Learning to Route Efficiently with End-to-End Feedback: The Value of Networked Structure
This work addresses routing efficiency in networked systems, offering incremental improvements through novel algorithmic connections between bandit learning and shortest path algorithms.
The paper tackles the problem of stochastic online shortest path routing with end-to-end feedback by introducing efficient algorithms that achieve nearly optimal regrets, leveraging the networked structure of the action set to overcome large-scale challenges. The results show superior regret performances and drastically reduced runtime in numerical experiments.
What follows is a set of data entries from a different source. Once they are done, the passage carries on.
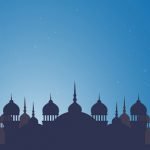 Selamat Menunaikan Ibadah Puasa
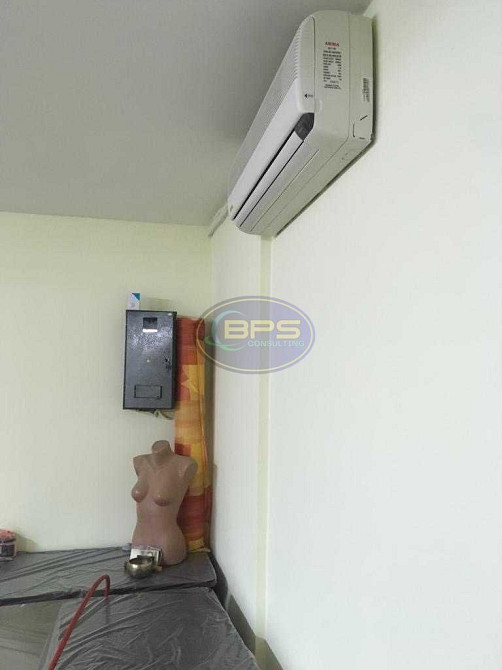 Продаж приміщення вільного призначення на вул. Середньофонтанська поверх - 1/24 Одеса - фото 12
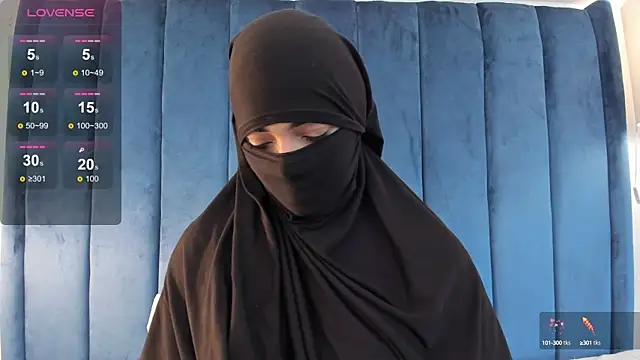 radiagazali online show from 24, 1, 2025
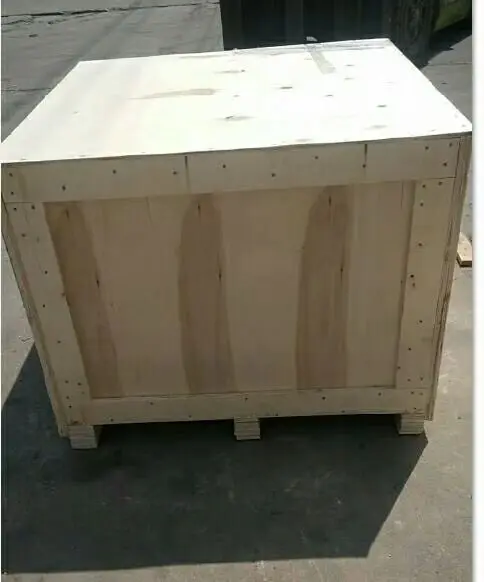 korea sushi robot  maker tool roller roll machine automatic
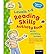 Oxford Reading Tree Read with Biff, Chip, and Kipper: Reading Skills Activity Book (level 1-2) (Paperback) - Common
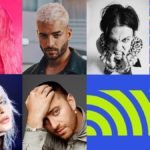 2020 MTV Europe Music Awards performers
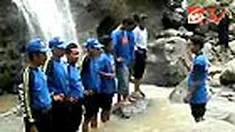 liputan6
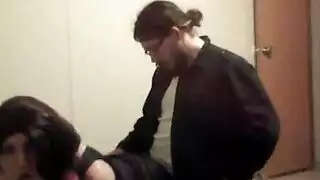 صور متحركة لجماع جنسي مباشر بالقضيب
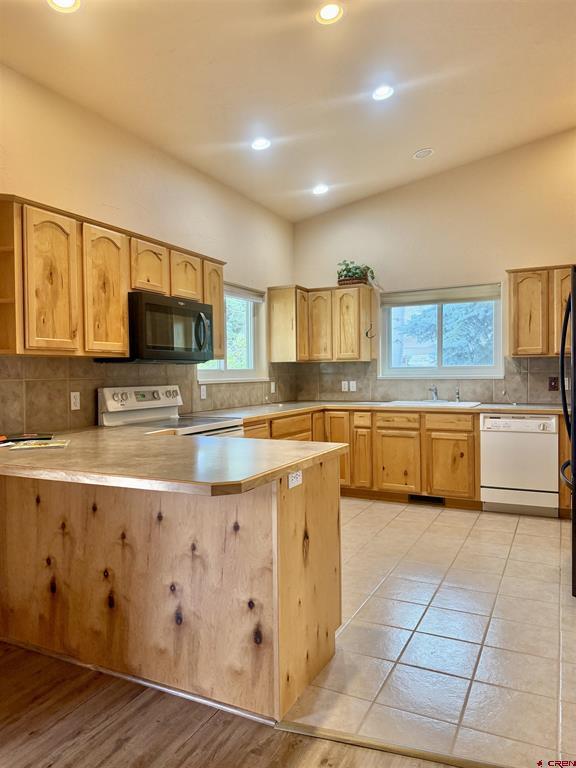 440 Se Old Goat Trail Property Photo 16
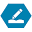 writecdr.com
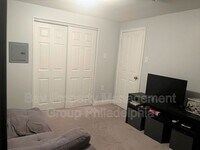 2013 S 11th St photo'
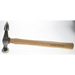 Sealey Pick head hammer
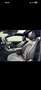 Mercedes-Benz C 43 AMG 4Matic Aut. - thumbnail 14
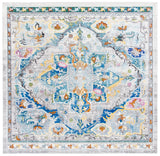 safavieh clearance aria ara129f grey rug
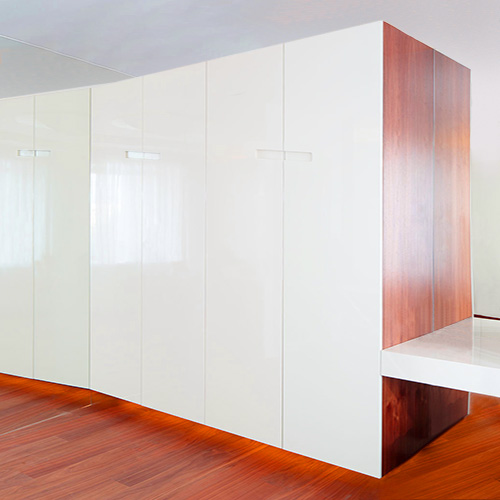 Laminates UAE Decorative Laminate Suppliers UAE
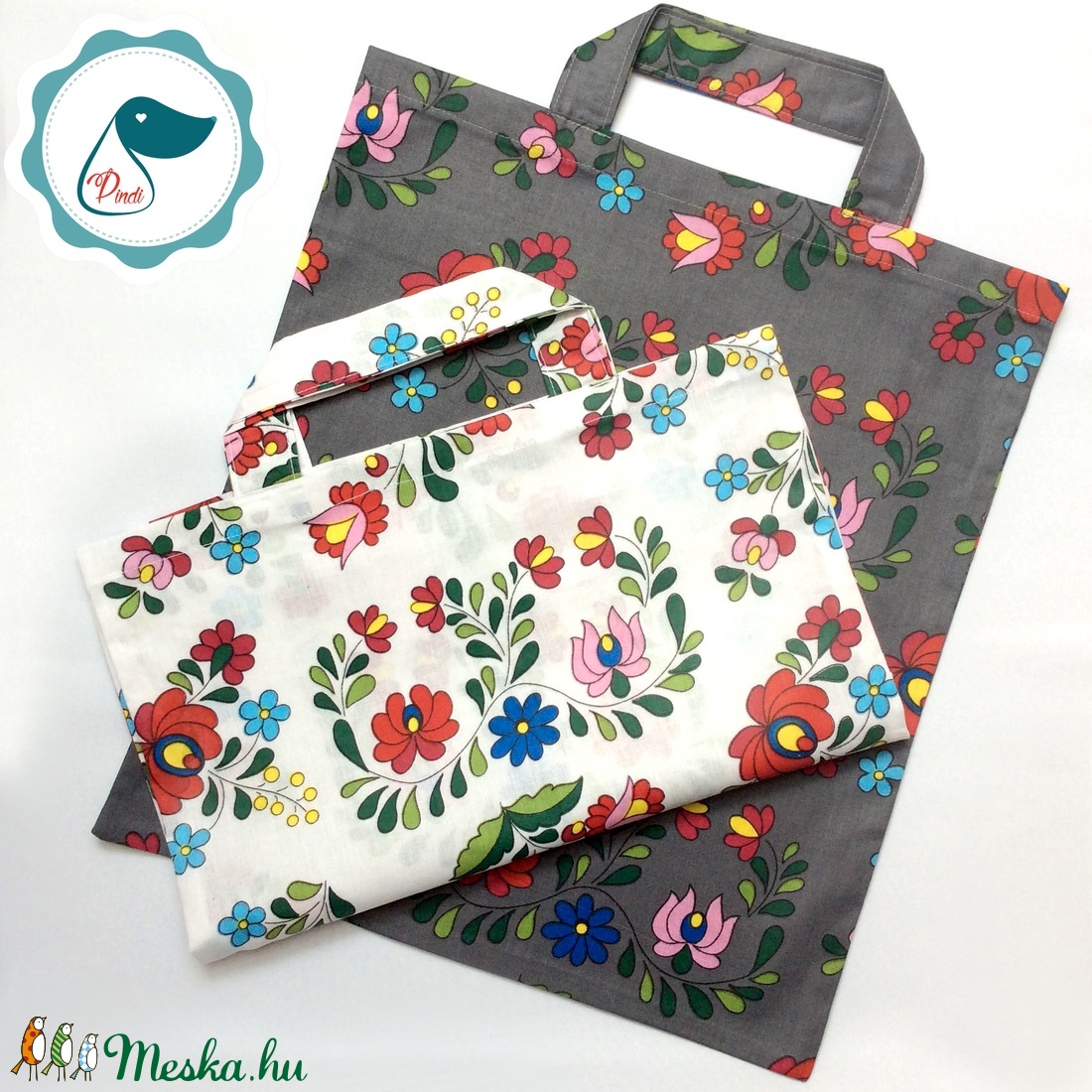 Szatyor - flamingós mintás textil táska - bevásárló táska - egyedi bevásárló szatyor - textil szatyor - mosható szatyor - táska & tok - bevásárlás & shopper táska - shopper, textiltáska, szatyor - Meska.hu Szatyor - flamingós mintás textil táska - bevásárló táska - egyedi bevásárló szatyor - textil szatyor - mosható szatyor - táska & tok - bevásárlás & shopper táska - shopper, textiltáska, szatyor - Meska.hu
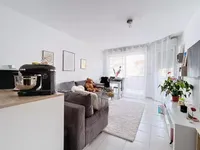 Недвижимость Villa Cannes La Bocca: 1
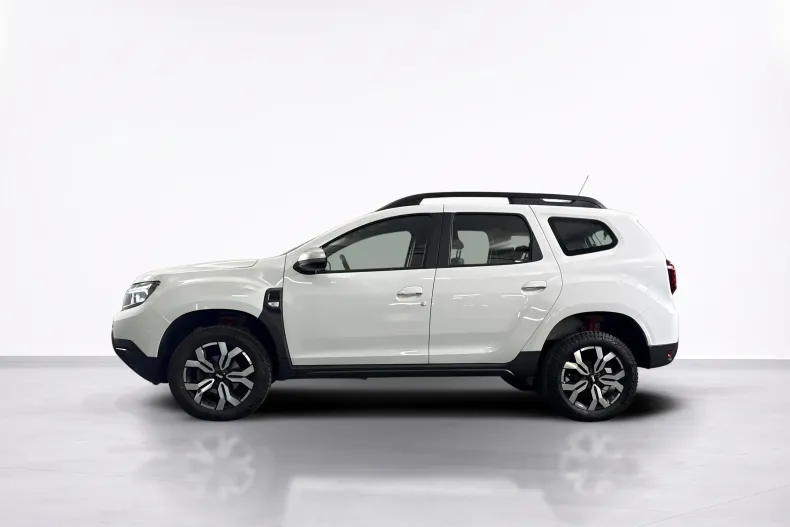 Dacia Duster din 2023 cu 114.829 km - oferta DAC246413 - foto 2
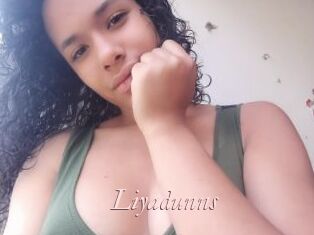 liyadunns Leukelol
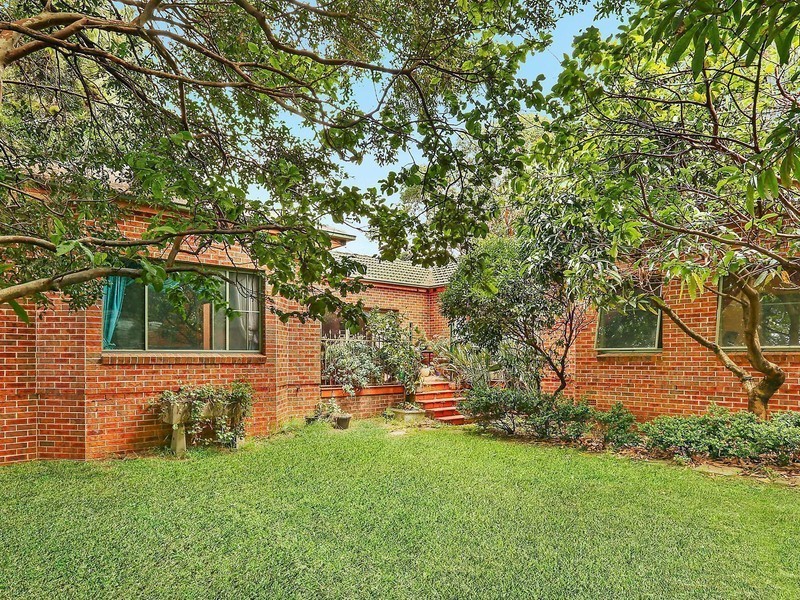 37 Lenthall Street, Kensington NSW 2033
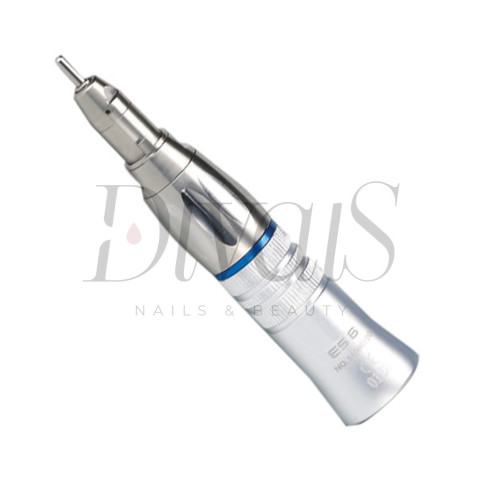 Fresa Marathon Eco 450 Manipolo Autoclavabile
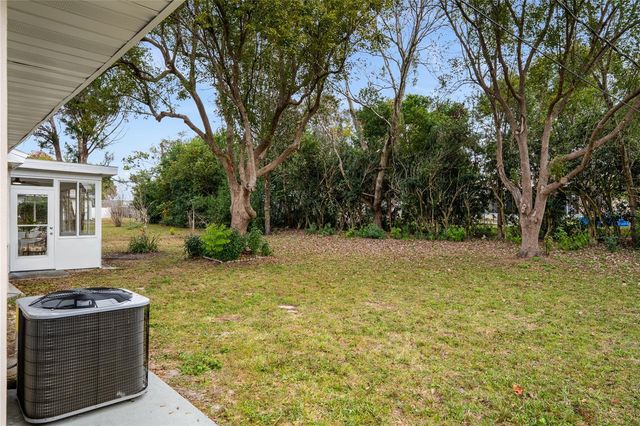 1887 VERONICA AVENUE, Deltona, FL 32725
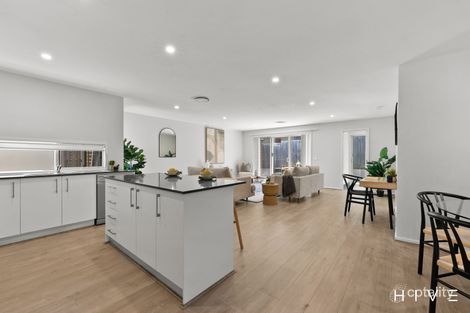 Property photo of 56 Pademelon Street Throsby ACT 2914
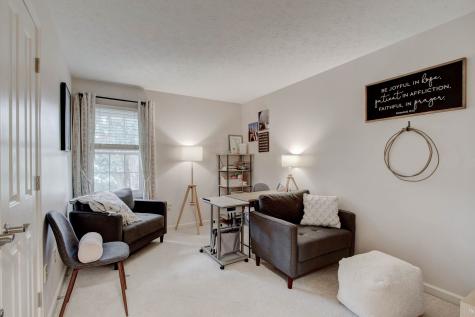 12977 Fleetwood Drive N Carmel IN 46032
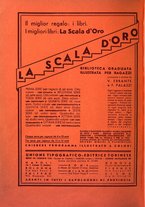 giornale/CFI0358541/1935/unico/00000850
We introduce efficient algorithms which achieve nearly optimal regrets for the problem of stochastic online shortest path routing with end-to-end feedback. The setting is a natural application of the combinatorial stochastic bandits problem, a special case of the linear stochastic bandits problem. We show how the difficulties posed by the large scale action set can be overcome by the networked structure of the action set. Our approach presents a novel connection between bandit learning and shortest path algorithms. Our main contribution is an adaptive exploration algorithm with nearly optimal instance-dependent regret for any directed acyclic network. We then modify it so that nearly optimal worst case regret is achieved simultaneously. Driven by the carefully designed Top-Two Comparison (TTC) technique, the algorithms are efficiently implementable. We further conduct extensive numerical experiments to show that our proposed algorithms not only achieve superior regret performances, but also reduce the runtime drastically.